_What you are asked to do_
Transcribe every record verbatim; no pictures.
====== Source data ======
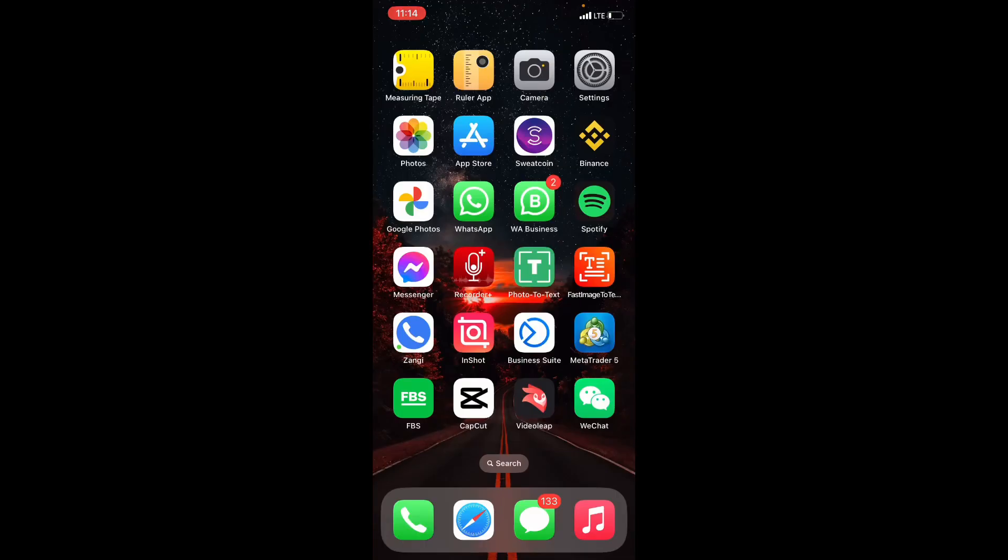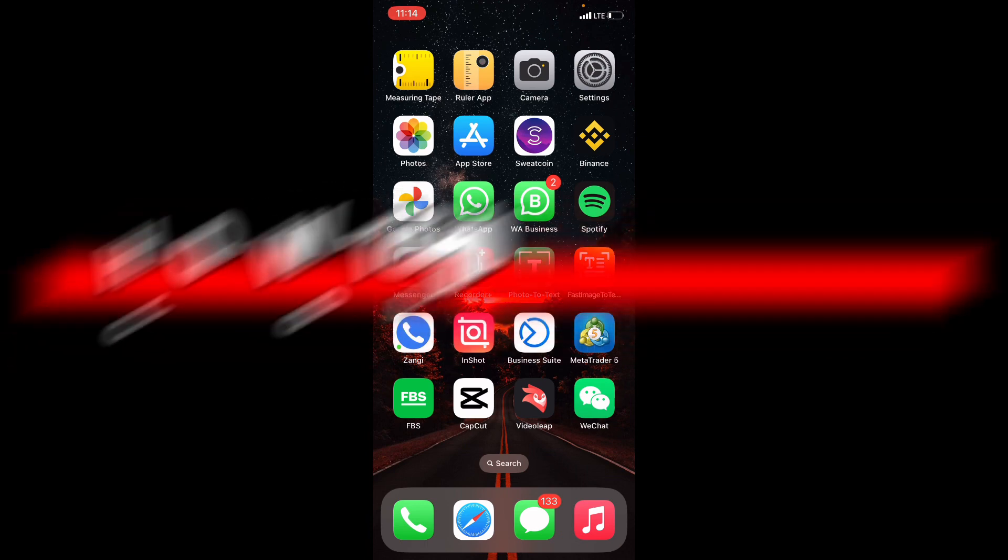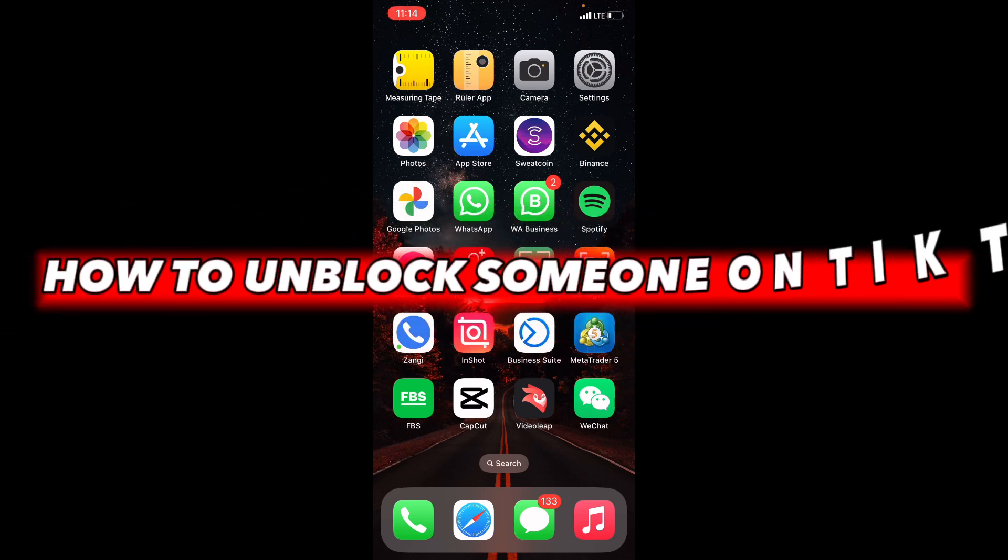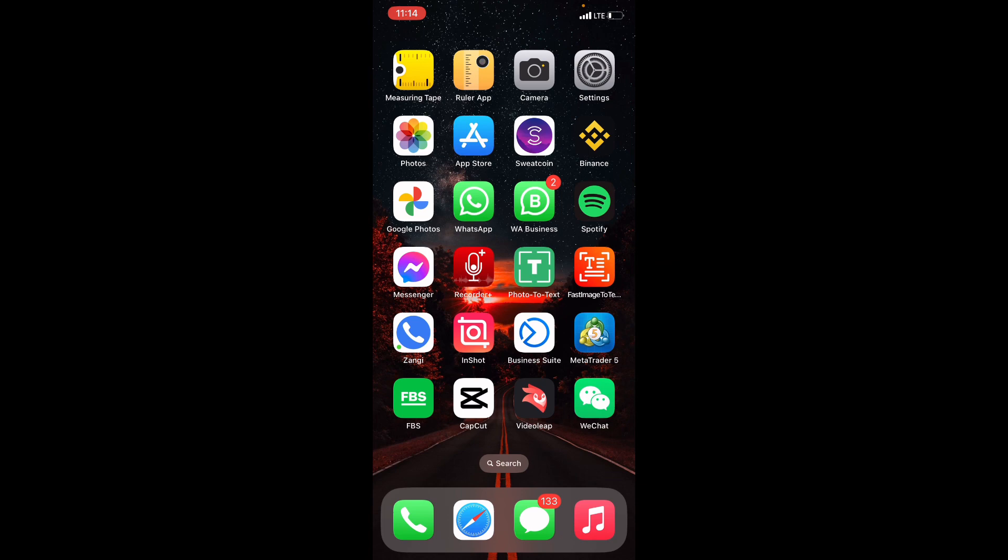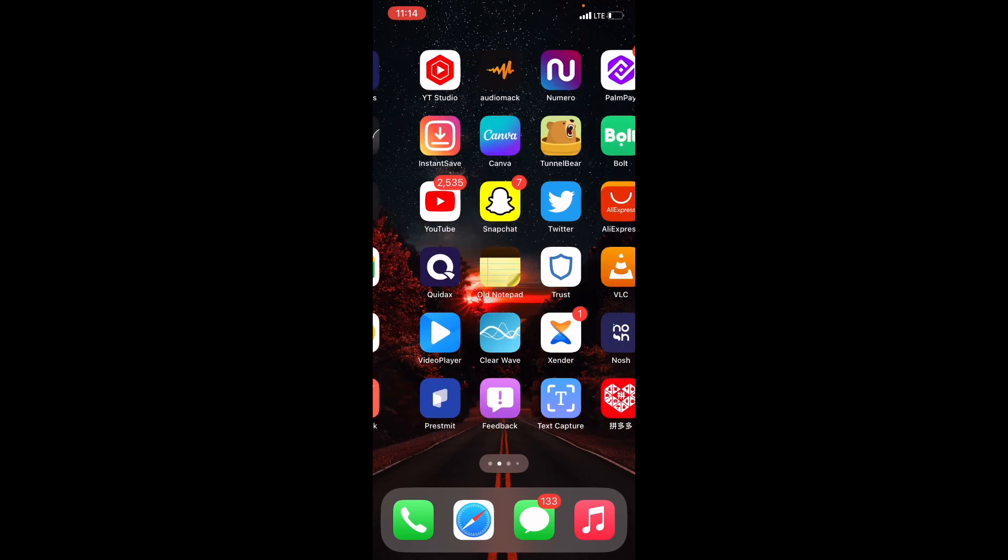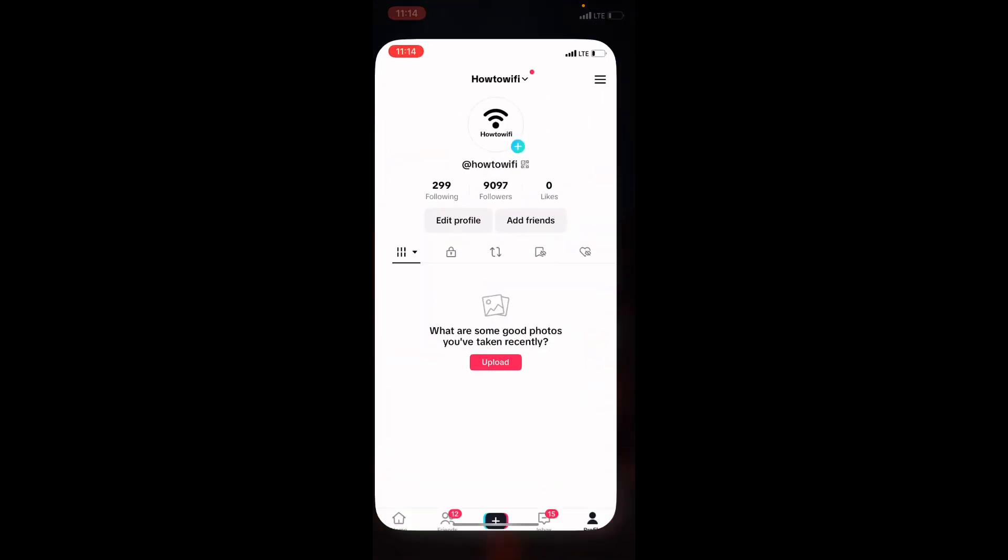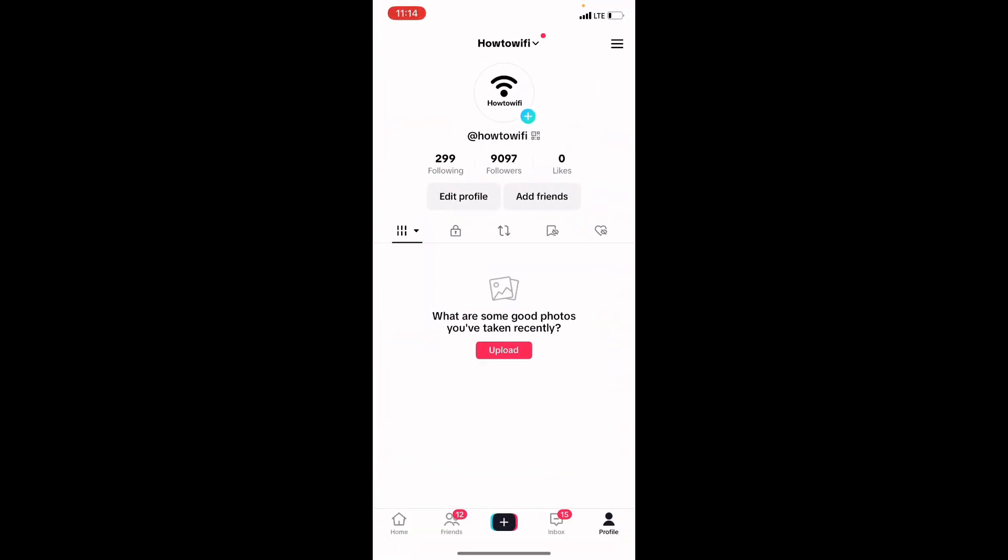Hello everyone, in this video I'm going to teach you how to unblock someone on TikTok. Open your TikTok application. Once you have opened your TikTok application, by the bottom right corner of your screen you will see the option that says profile.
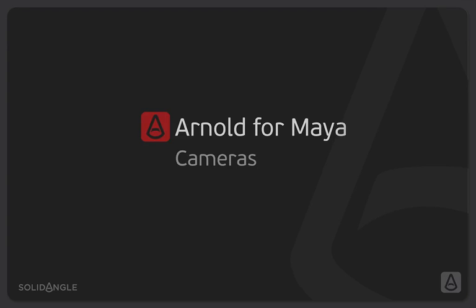Hi, I'm Ben Greasley and in this video we're going to look at cameras within Arnold. We're going to look at the different types of cameras we can create, including cylinder cameras and fisheye cameras. We're going to look at different options for depth of field that we're able to work with and motion blur from our cameras as well.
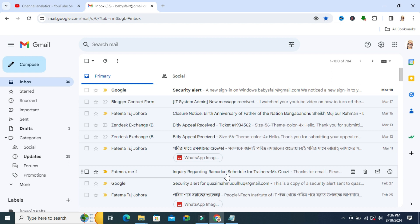Mail notification sound is now stopped on my Gmail account. This is all for today. Hope this tutorial was helpful. Keep watching for the next tutorial. Thank you very much.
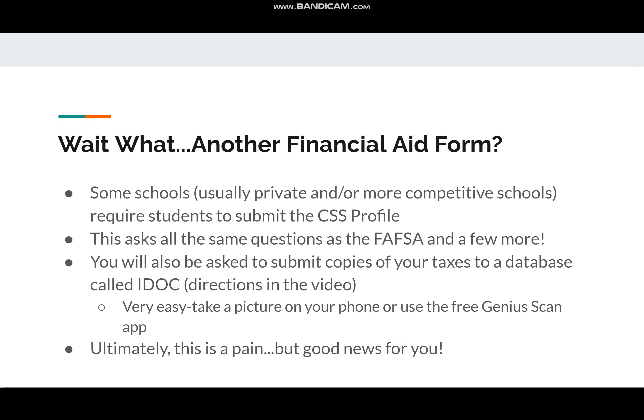So ultimately, being asked to fill out the CSS Profile is a good thing, because it is used at schools that are going to be offering these really good financial aid packages.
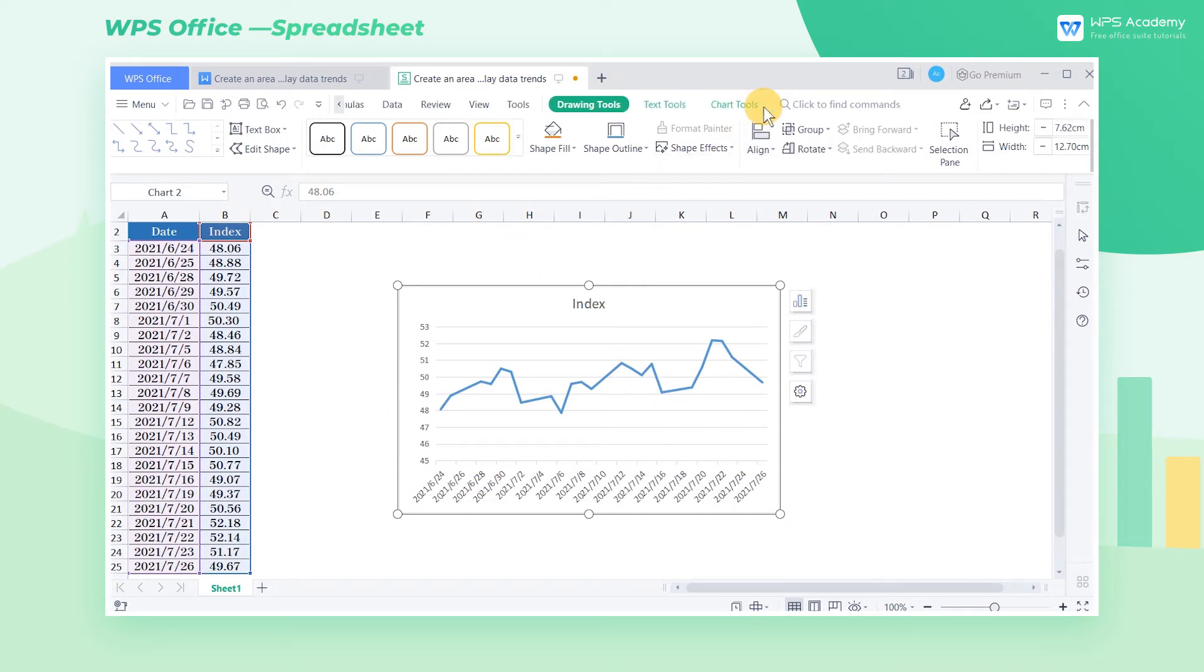Next, we will add a fill effect to the line chart to make our price earnings ratio index more intuitive.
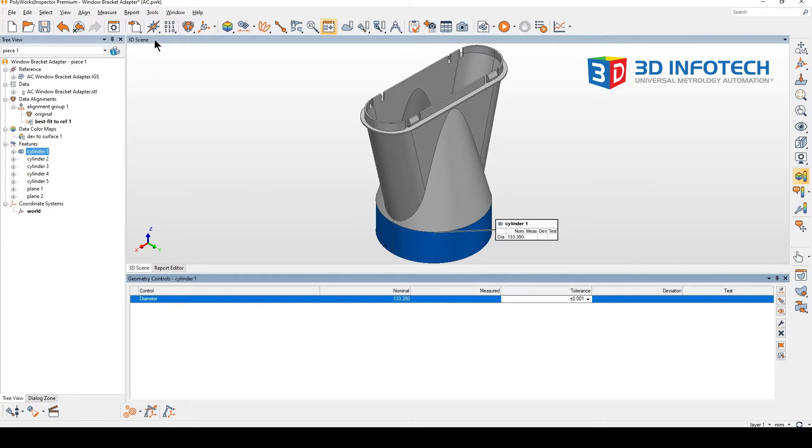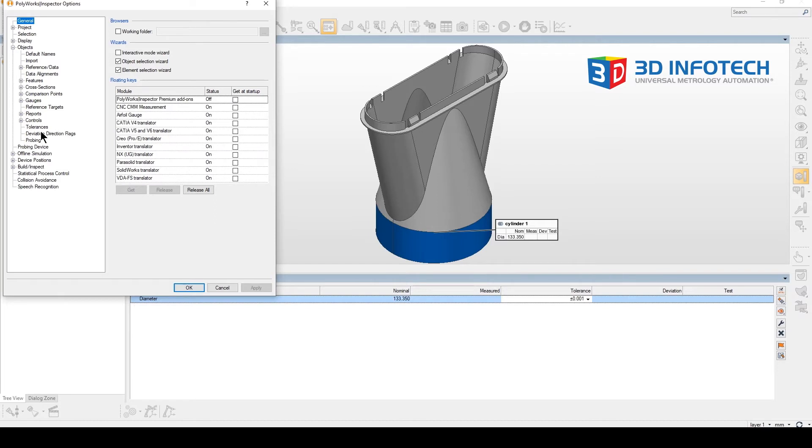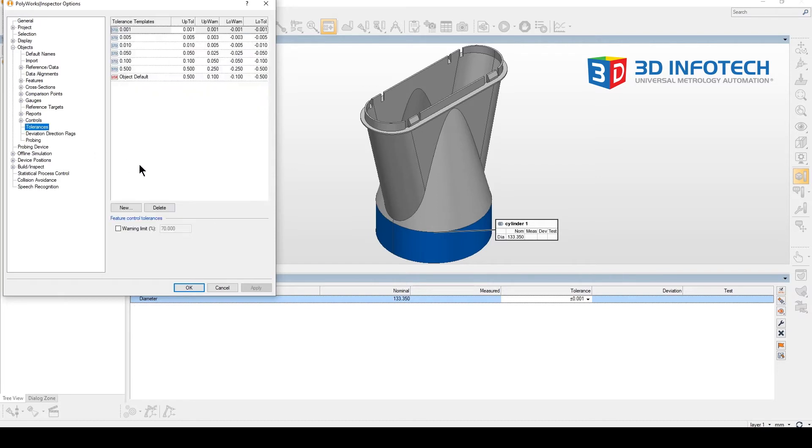We can jump into the settings, dive into objects, select tolerance, and we can simply create a new tolerance template.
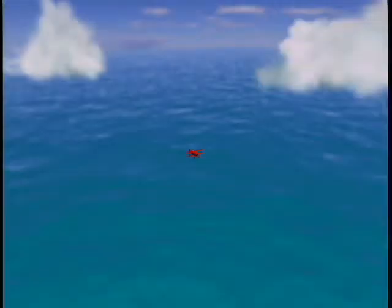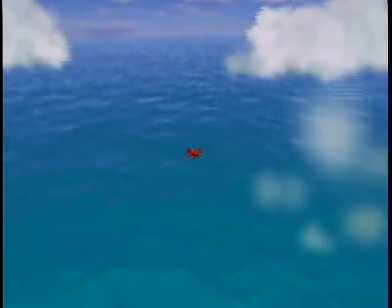We simulate objects passing through a cloud by splitting the cloud's impostor into near and far portions. First we render the portion of the cloud that is farther from the viewpoint than the object. Then we render the object on top of the far portion. Finally, we render the portion of the cloud that is closer to the viewpoint than the object.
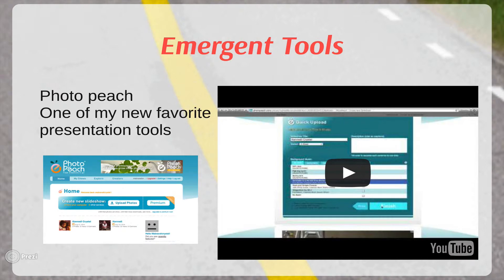Another emergent tool that I think I'll be using is PhotoPeach. PhotoPeach and ShowMe are both presentation tools which allow you to drop videos, pictures, and screenshots and present them in a slideshow.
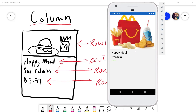In the previous video, we built this nice Happy Meal layout with an image at the top, a title, some details like the calories, and then a price. We drew it out first, so this is what we wanted it to look like, and this is what it ended up looking like — pretty damn close.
======
_Response box_
Hello everyone, in this video I'm going to teach you how to unblock someone on TikTok. Open your TikTok application. Once you have opened your TikTok application, by the bottom right corner of your screen you will see the option that says profile.
Hi, I'm Ben Greasley and in this video we're going to look at cameras within Arnold. We're going to look at the different types of cameras we can create, including cylinder cameras and fisheye cameras. We're going to look at different options for depth of field that we're able to work with and motion blur from our cameras as well.
Mail notification sound is now stopped on my Gmail account. This is all for today. Hope this tutorial was helpful. Keep watching for the next tutorial. Thank you very much.
So ultimately, being asked to fill out the CSS Profile is a good thing, because it is used at schools that are going to be offering these really good financial aid packages.
Next, we will add a fill effect to the line chart to make our price earnings ratio index more intuitive.
We can jump into the settings, dive into objects, select tolerance, and we can simply create a new tolerance template.
We simulate objects passing through a cloud by splitting the cloud's impostor into near and far portions. First we render the portion of the cloud that is farther from the viewpoint than the object. Then we render the object on top of the far portion. Finally, we render the portion of the cloud that is closer to the viewpoint than the object.
Another emergent tool that I think I'll be using is PhotoPeach. PhotoPeach and ShowMe are both presentation tools which allow you to drop videos, pictures, and screenshots and present them in a slideshow.
In the previous video, we built this nice Happy Meal layout with an image at the top, a title, some details like the calories, and then a price. We drew it out first, so this is what we wanted it to look like, and this is what it ended up looking like — pretty damn close.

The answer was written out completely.